Day 5 : Jake the Yorkipoo, Llanidloes and Builth Wells 

I bid farewell to host Katrina and (head of security) Jake: a picture was essential and represents a desperate attempt to get a “like plus comment” (in my dreams) for my blog:

  

 He was going to the vet later….Awww!

So on to the bike gingerly pedalling in low low gears to Clive Powell cycles in Rhayader who fixed my bike : new chain..and new cassette (ouch!) with new extra big granny/grandad gear for Welsh mountains. Oh yes.. and a chain splitter spoke fixer Topeak multitool was another bargain buy from this Aladdins cave of a bike shop which is also a pub!

 

I’m told bike nerds are my only audience for contributions on bike parts and settings (thank you readers, all feedback appreciated) so you will have to wait for a ‘tech’ wash-up post for details on my wonderful new chain.

Now I must share my bird watching highlights of this sunny blustery day in the Wye and Élan valleys : first, a mousey little tree creeper . Then both kinds of woodpecker within a few minutes. And last but not least, majestic Red kites !! Shockingly large brightly coloured hawks with forked tails that shift about the skies at great speed. Still a little hard to believe they are indigenous. My iPhone Red Kite video is a triumph (but could be any bird and is not uploaded : Ed)

After several days without meeting fellow pilgrims I’ve had quite a day of it. There was a delightful man who’d walked from Cornwall – just 15 miles a day with plenty of rests. And looking very well on it.

Later a couple from Bristol doing Lon las on a tandem! I was amazed at the climbing power of their machine, but fear a little for them on the rough stretches and the steep North Wales hills.  

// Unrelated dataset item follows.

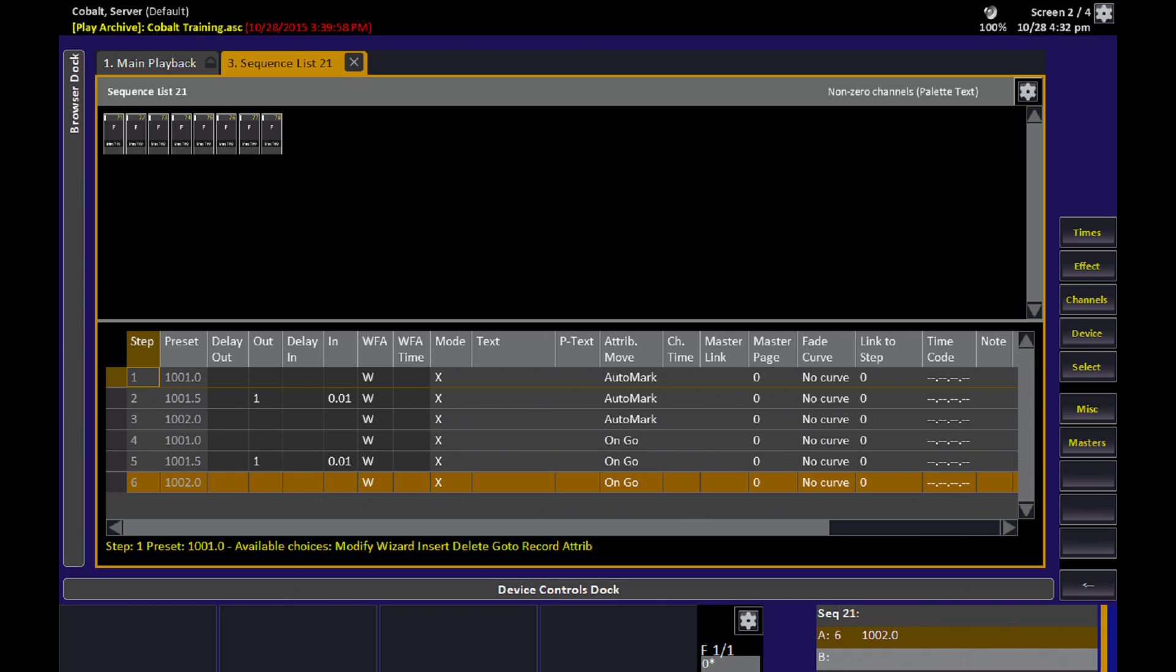What that means is that all of the attributes in a look get executed when you hit the go button, which seems to make some simple logical sense. But what that means in our fade up, fade out, fade up somewhere else scenario, is that the act of turning the light off doesn't necessarily tell the light to get ready for the next look by fading in the dark to your new positions. That's what AutoMark does.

And most enigmatic was a hi-visibility Man who’d come from Lands End and apparently lost the power of speech somewhere on the way. In his defence he had just been warned by the lady in Llangurig post office that it got proper hilly from here on. He would have passed a sign saying he had just reached the highest village in Wales (1000ft above sea level) and had probably been looking forward to coasting downhill the rest of the way. I stopped my bike as he approached : he returned my good morning without slowing, and raced past. Llangurig (literally, church of St Curig) is said to date back to the 7th (seventh!) C ( AD), and was supported by the monks of Strata Florida Abbey 13 miles to the West. The present church is contemporary by comparison having been built in 15th century (not long before Strata Florida was ‘dissolved’).

  

Another taste of history was the ancient coach road between Rhayader and Newbridge on Wye. Overhung by trees, stony and undulating;  a Dick Turpin kind of woodland highway.  

 

The Builth Wells healing waters are, unfortunately, a thing of the Victorian past so I have had to be content with ibuprofen for creaking 200 mile legs. At least I can resort to a little prayer if knees allow in one of Builth’s many churches.